In this vignette, we introduce how primitive Presto data types are
translated into R types in the RPresto
package.
You can check your RPresto
version by running the
packageVersion()
function. You need version 1.3.9
or later to have a more comprehensive and robust primitive types
support.
Here primitive types refer to basic data types that are
atomic and non-nested (as opposed to structural types such as
ARRAY
, MAP
, and ROW
). Refer to
the Presto
documentation for a complete list of Presto data types.
We don’t currently support all of Presto’s primitive types. Here we summarize what’s supported and what those supported types map to in R.
Category | Presto data type | R type |
---|---|---|
Boolean | BOOLEAN | logical |
Integer | TINYINT | integer |
Integer | SMALLINT | integer |
Integer | INTEGER | integer |
Integer | BIGINT | {integer|integer64|numeric|character} |
Floating-point | REAL | numeric |
Floating-point | DOUBLE | numeric |
Fixed-precision | DECIMAL | character |
String | VARCHAR | character |
String | CHAR | character |
String | VARBINARY | raw |
String | JSON | not supported |
Date and Time | DATE | Date (S3 class) |
Date and Time | TIME | difftime (S3 class) |
Date and Time | TIME WITH TIME ZONE | difftime (S3 class) |
Date and Time | TIMESTAMP | POSIXct (S3 class) |
Date and Time | TIMESTAMP WITH TIME ZONE | POSIXct (S3 class) |
Date and Time | INTERVAL YEAR TO MONTH | Duration (S4 class) |
Date and Time | INTERVAL DAY TO SECOND | Duration (S4 class) |
We assume that the user already have a Presto server with a memory connector set up. If you don’t have such a server set up, refer to the Presto documentation for instructions if you want to follow along.

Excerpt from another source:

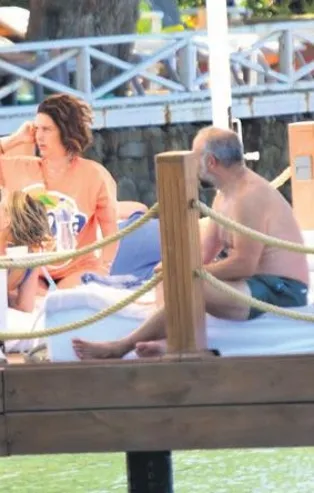 Bergüzar Korel ile Halit Ergenç'ten iskele sohbeti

We first create a PrestoConnection
which will serve as
the bridge between the Presto server and R.
con <- DBI::dbConnect(
drv = RPresto::Presto(),
host = "http://localhost",
port = 8080,
user = Sys.getenv("USER"),
catalog = "memory",
schema = "default"
)
We first issue a simple query to see if the Presto connection is working properly.
To illustrate how those primitive types are mapped to R types in bulk, we first create a made-up table with 3 rows and 17 fields (i.e., one column for each supported Presto type).

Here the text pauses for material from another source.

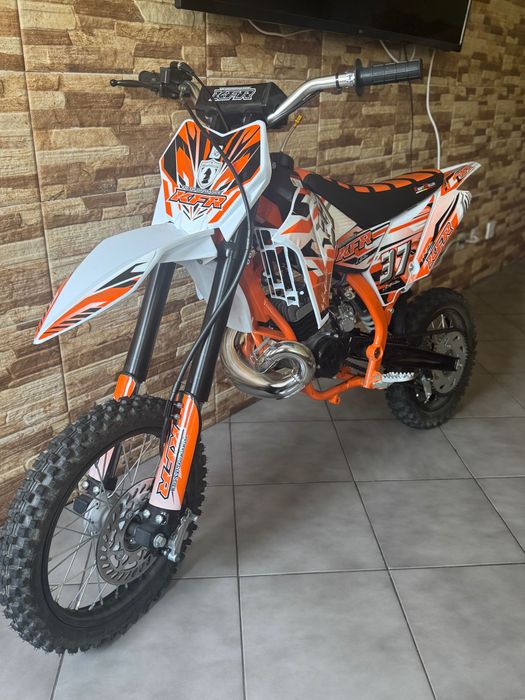 Mota 50 como nova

We create the table using an auxiliary
create_primitive_types_table()
function included in the
package.
RPresto:::create_primitive_types_table(
con, table_name = "presto_primitive_types", verbose = FALSE
)
We can check if the table now exists in Presto.
We can list the fields in the table. They are named after the Presto types they represent.
DBI::dbListFields(con, "presto_primitive_types")
#> [1] "boolean" "tinyint" "smallint"
#> [4] "integer" "bigint" "real"
#> [7] "double" "decimal" "varchar"
#> [10] "char" "varbinary" "date"
#> [13] "time" "time_with_tz" "timestamp"
#> [16] "timestamp_with_tz" "interval_year_to_month" "interval_day_to_second"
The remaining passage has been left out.